Both sides had trained on the pitch with the roof open on Monday and as FIFA protocol states that the match must take place under the same circumstances that the teams trained under, so they were all set to play under the elements; All well and good until the heavens opened late Tuesday afternoon and left the pitch at the Ł500million ($800million) venue as nothing more than a bog.

It was a farcical sight. Even though heavy rain had been forecast, no-one had thought to consult the authorities and so with half an hour until kick-off, fans were greeted by the referee Gianluca Rocchi trying to kick the ball across the grass and not managing to move it more than a few feet; England's coaching team were on the sidelines watching the rain fall, but no-one from the Polish FA was present, nor was there anyone on the pitch trying to do anything about the standing water, with not a pitch fork in sight.

Underlying this was the fact that there had clearly been no discussion between FIFA and the Polish FA about closing the roof. Then when they did decide that it may be a good idea, they were unable to start the 20-minute process because it would be dangerous; even if they had closed the roof mind that would have still left the pitch unplayable anyway.

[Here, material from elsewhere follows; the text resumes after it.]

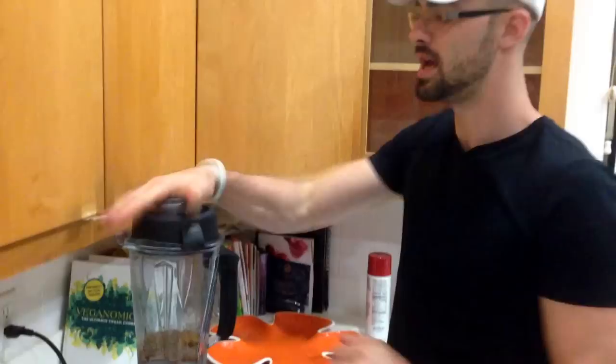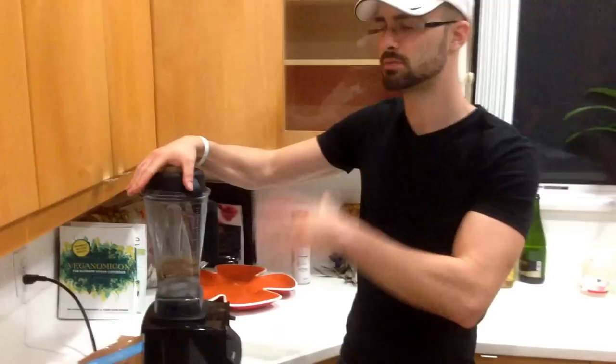I do this about two to three times a day and I mix it up and change the recipes I make, but this is my late night one so I can help repair my muscles at the end of the day.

Meanwhile there were many in Warsaw and watching on TV who had been to Poland during the European Championships in June and July this year who were left to wonder why, when the country was enjoying blazing sunshine, were matches played undercover? Yet those in autumn would be played in the open?

In the end both teams and the supporters who remained in the Polish capital traipsed back to watch the next day and saw the two sides struggle to shake of the effects of hanging around another 20 hours to finish with an honourable 1-1 draw.

Welsh National fortress

Roofs are becoming a more and more common feature of modern stadium design. The Millennium Stadium, Wales' national home in Cardiff which was built for the 1999 Rugby World Cup regularly hosts matches under a closed roof, though there is many a canny coach who tries to undermine the Welsh efforts by asking for it to be left open.

The reason for such thinking is that Wales play better in dry conditions that suit their fast handling and running style of play. As such if they have to tackle the elements as well the theory runs that they have less chance to play their best. It has sometimes led to a stand-off between the two coaches but in the matches that matter, the team from the Principality usually comes out on top whether the roof is open or not.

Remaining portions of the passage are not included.